Hormones regulate many aspects of an individual's phenotype, including various physiological and behavioural traits [1]. A full understanding of the evolution of fitness-relevant traits such as reproductive investment, therefore, requires a corresponding knowledge of the evolution of the endocrine mechanisms that control the expression of the phenotype [24]. One important component of studies in evolutionary physiology is heritable individual variation, especially in relation to individual fitness [57], as it is the raw material of selection [79]. Furthermore, knowledge of the dynamics of endocrine signalling in relation to the reproductive investment of individuals will increase our understanding of reproductive decision-making and life-history trade-offs (e.g. [6,1012]).

Recent studies have demonstrated relationships between individual variation in circulating concentrations of hormones, behaviour and fitness during the breeding phase. For example, individual variation in plasma testosterone concentrations relates to male alternative reproductive strategies, territorial behaviour, paternal behaviour, reproductive success and survival in several vertebrates (e.g. [9,1315]).
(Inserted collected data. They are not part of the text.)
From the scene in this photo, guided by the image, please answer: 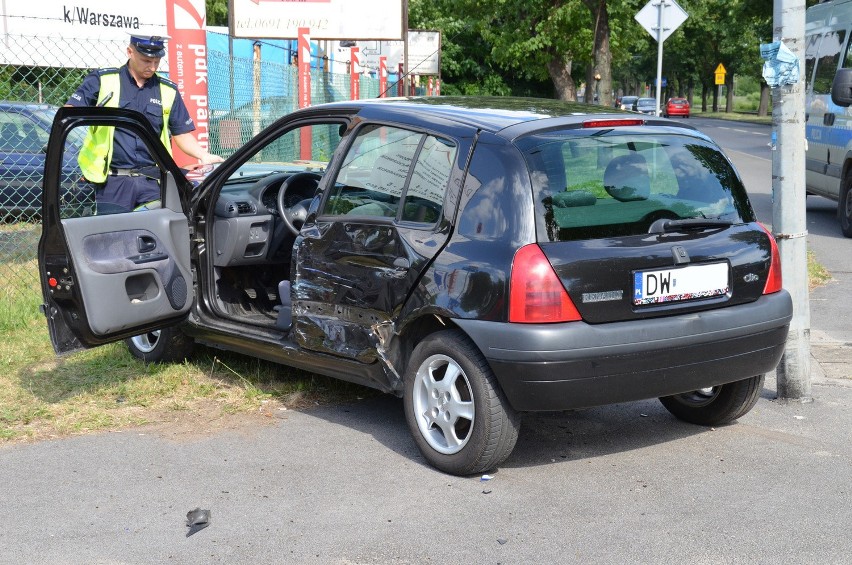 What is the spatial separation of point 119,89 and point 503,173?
11.0ft

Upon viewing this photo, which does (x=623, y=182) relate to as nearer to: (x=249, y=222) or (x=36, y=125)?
(x=249, y=222)

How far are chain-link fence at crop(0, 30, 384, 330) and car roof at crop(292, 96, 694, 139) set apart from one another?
3722 millimetres

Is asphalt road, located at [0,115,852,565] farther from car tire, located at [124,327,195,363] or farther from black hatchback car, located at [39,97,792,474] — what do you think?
car tire, located at [124,327,195,363]

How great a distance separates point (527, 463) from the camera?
498cm

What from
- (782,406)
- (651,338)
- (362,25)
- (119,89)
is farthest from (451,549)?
(362,25)

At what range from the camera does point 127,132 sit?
6953 millimetres

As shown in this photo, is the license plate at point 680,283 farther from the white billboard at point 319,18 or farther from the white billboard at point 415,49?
the white billboard at point 415,49

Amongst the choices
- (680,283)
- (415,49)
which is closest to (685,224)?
(680,283)

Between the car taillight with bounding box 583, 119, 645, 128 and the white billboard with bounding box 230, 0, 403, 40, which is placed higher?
the white billboard with bounding box 230, 0, 403, 40

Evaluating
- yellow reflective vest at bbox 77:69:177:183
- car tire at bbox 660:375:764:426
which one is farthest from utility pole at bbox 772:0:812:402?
yellow reflective vest at bbox 77:69:177:183

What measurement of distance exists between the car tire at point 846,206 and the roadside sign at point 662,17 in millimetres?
3698

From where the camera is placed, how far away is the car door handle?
5.63m

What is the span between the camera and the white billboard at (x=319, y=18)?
19.4m

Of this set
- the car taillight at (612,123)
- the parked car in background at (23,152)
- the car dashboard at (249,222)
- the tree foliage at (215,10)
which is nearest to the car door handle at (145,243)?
the car dashboard at (249,222) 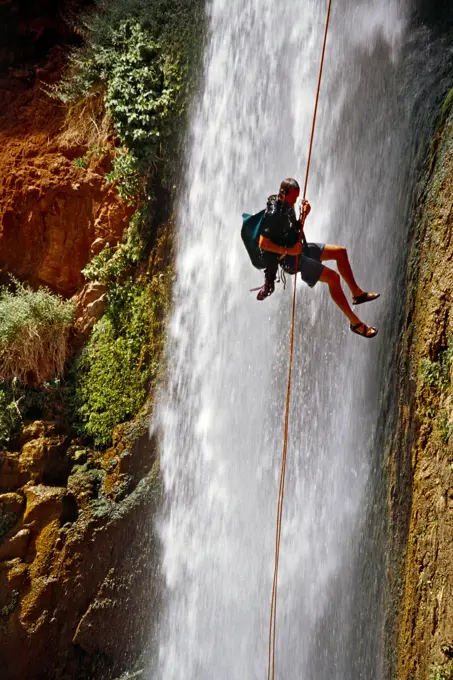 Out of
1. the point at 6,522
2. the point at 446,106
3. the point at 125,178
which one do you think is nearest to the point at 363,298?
the point at 446,106

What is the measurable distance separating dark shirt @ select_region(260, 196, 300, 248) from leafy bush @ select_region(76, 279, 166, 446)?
3670 mm

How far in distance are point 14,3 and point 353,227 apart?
7116 millimetres

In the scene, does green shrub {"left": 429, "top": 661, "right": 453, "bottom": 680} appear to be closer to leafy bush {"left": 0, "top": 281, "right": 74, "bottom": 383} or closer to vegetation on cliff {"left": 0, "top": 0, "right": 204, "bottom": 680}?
vegetation on cliff {"left": 0, "top": 0, "right": 204, "bottom": 680}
Individual variation in plasma prolactin (Prl) concentrations correlates with nestling provisioning rates in birds [16,17] and with alternative male reproductive tactics in mammals [18]. In birds, individual variation in baseline concentrations of corticosterone (Cort0) correlates with parental care, timing of breeding and reproductive success, although the direction of the relationship appears to be species-specific and dependent on sex and reproductive stage [5,1922] (see also [23]). Furthermore, stress-induced concentrations of corticosterone (maxCort) tend to show a negative relationship with reproductive behaviour [24,25].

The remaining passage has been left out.